NELLA SOCIETA’ DELL’INFORMAZIONE NON VINCE CHI PRENDE LA CITTADINANZA IN OSTAGGIO, MA CHI NE CONQUISTA IL CONSENSO
Data: Venerdì, 17 ottobre 2008 ore 17:23:19 CEST
Argomento: Opinioni


Articolo pubblicato sul Corriere della Sera il 30 gennaio 2002             
Pietro Ichino
 
Un modo per ricondurre il conflitto sindacale nei servizi pubblici alle sue conseguenze normali esiste, ha già incominciato a essere sperimentato in qualche caso isolato e l’authority competente, la Commissione di Garanzia presieduta da Gino Giugni, ha dato l’anno scorso alcune indicazioni positive in proposito.

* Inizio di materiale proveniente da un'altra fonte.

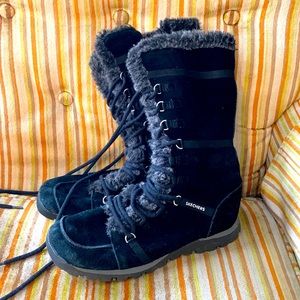 Skechers winter boots black/grey Size 8
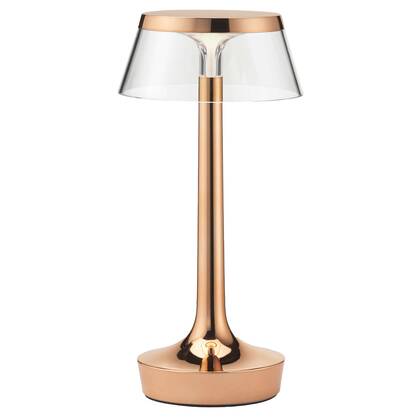 Flos Bon Jour Unplugged LED tafellamp Copper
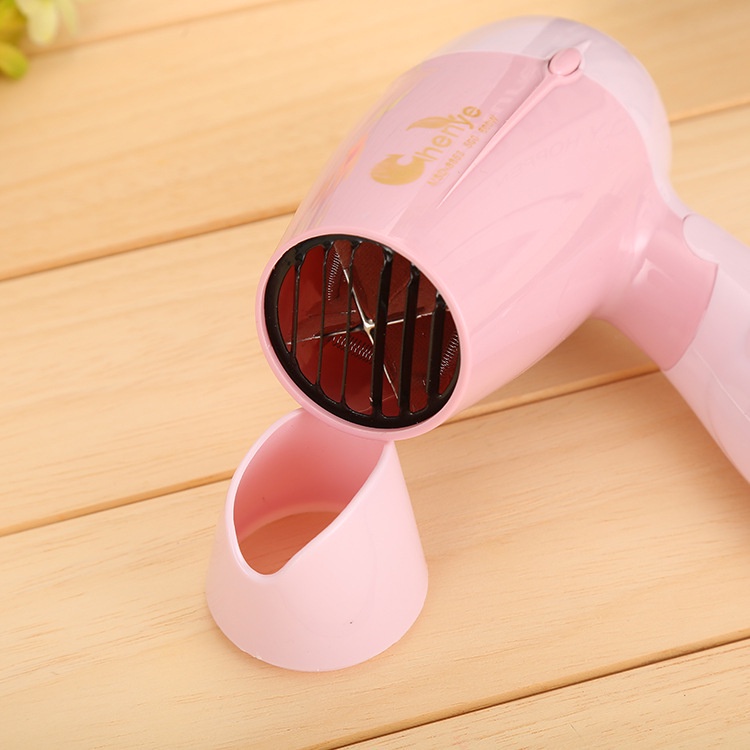 Máy sấy tóc mini công suất 500W có thể điều chỉnh luồng gió dễ mang theo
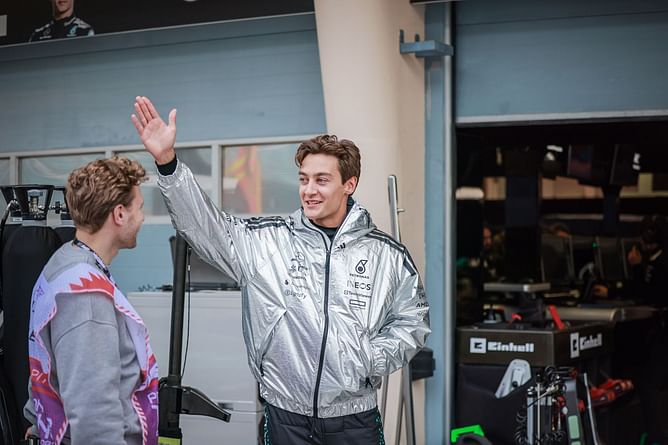 George Russell drops 4-word reaction as he ends F1 Pre-season test on top of the standings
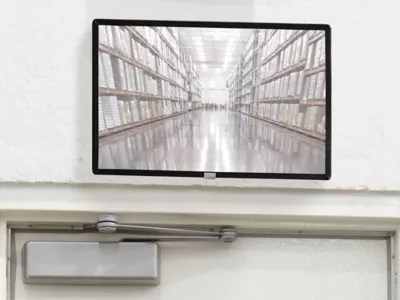 Flat Safety Mirror 16 x 24" Glass, Indoor H5566I Uline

Un accordo collettivo può prevedere la possibilità che, in alternativa allo sciopero tradizionale, venga proclamato uno “sciopero virtuale”, durante il quale il servizio viene svolto regolarmente, ma i lavoratori rinunciano alle proprie retribuzioni e l’azienda si obbliga a devolvere a un’iniziativa socialmente utile una somma pari a un multiplo dell’ammontare delle retribuzioni stesse. In altre parole, si riporta lo sciopero nel servizio pubblico agli effetti che esso produce in qualsiasi azienda industriale: i lavoratori esercitano la propria pressione sulla controparte in modo diretto, incidendo immediatamente sul suo bilancio, e non in modo indiretto, prendendo in ostaggio l’intera collettività.
Il costo dello sciopero virtuale per il datore di lavoro può essere determinato moltiplicando le retribuzioni perdute dai lavoratori per due, per tre, per quattro: un costo che lo sciopero oggi per lo più non produce per l’azienda erogatrice del servizio pubblico di trasporto; un costo, comunque, di molto inferiore a quello che oggi lo sciopero dei trasporti produce ingiustamente per la collettività.

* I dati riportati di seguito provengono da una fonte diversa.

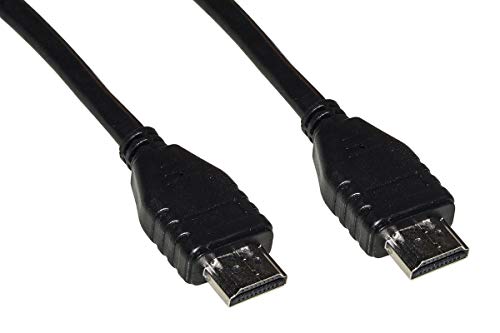 Câble ultra haute vitesse HDMI, prend en charge une résolution maximale de 8 Kx10 K 60 Hz Pour une utilisation sur Playstation, Xbox, TV, Home Cinéma, ordinateur, ordinateur portable 1,5 m Couleur noir Câble blindé pour la protection contre les interférences électromagnétiques (EMI) et les interférences radio (RFI)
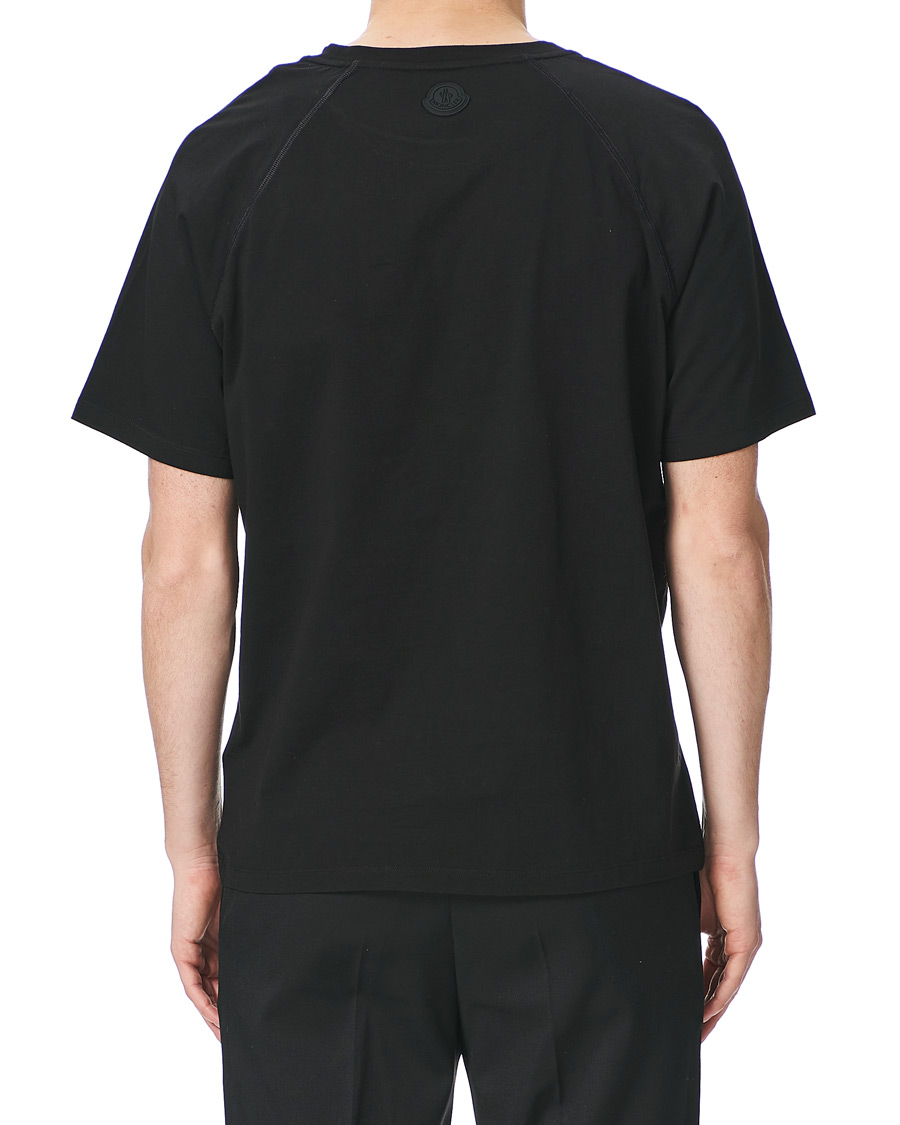 Herre | T-Shirts | Moncler | Maglia Large Logo Crew Neck Tee Black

Certo, alla diffusione di accordi collettivi di questo genere gioverebbe una legge che esentasse da imposte e contributi previdenziali le retribuzioni a cui i lavoratori rinunciano con l’adesione allo sciopero virtuale. Ma gli accordi possono essere stipulati anche prima di questo intervento legislativo.
A prendere l’iniziativa dovrebbero essere le confederazioni maggiori, più attente agli interessi della collettività: è infatti proprio la loro maggiore attenzione e parsimonia nel fare ricorso allo sciopero nei servizi pubblici che offre ai sindacati autonomi l’opportunità di presentarsi ai lavoratori del settore come difensori più determinati e aggressivi dei loro interessi. Il ricorso allo sciopero virtuale renderebbe meno incisiva l’azione del sindacato?
Non credo proprio.
Nella società dell’informazione, non vince chi si mette contro l’opinione pubblica.
Viceversa, una minima parte delle risorse rese disponibili dallo sciopero virtuale basterebbe al sindacato per lanciare alla collettività, dagli schermi televisivi e dalle pagine di tutti i maggiori quotidiani, questo messaggio: “Siamo in lotta per questi e questi motivi; ma abbiamo fatto in modo che la nostra lotta non rechi danno agli utenti del servizio, anzi consenta questa e quest’altra iniziativa socialmente utile.
Contiamo sul vostro sostegno”. I motivi dello sciopero, siano essi sindacali o – come oggi – politici, raccoglierebbero molti più consensi tra i lettori o ascoltatori di quel messaggio che tra i cittadini appiedati nelle città invase dalle auto e dallo smog.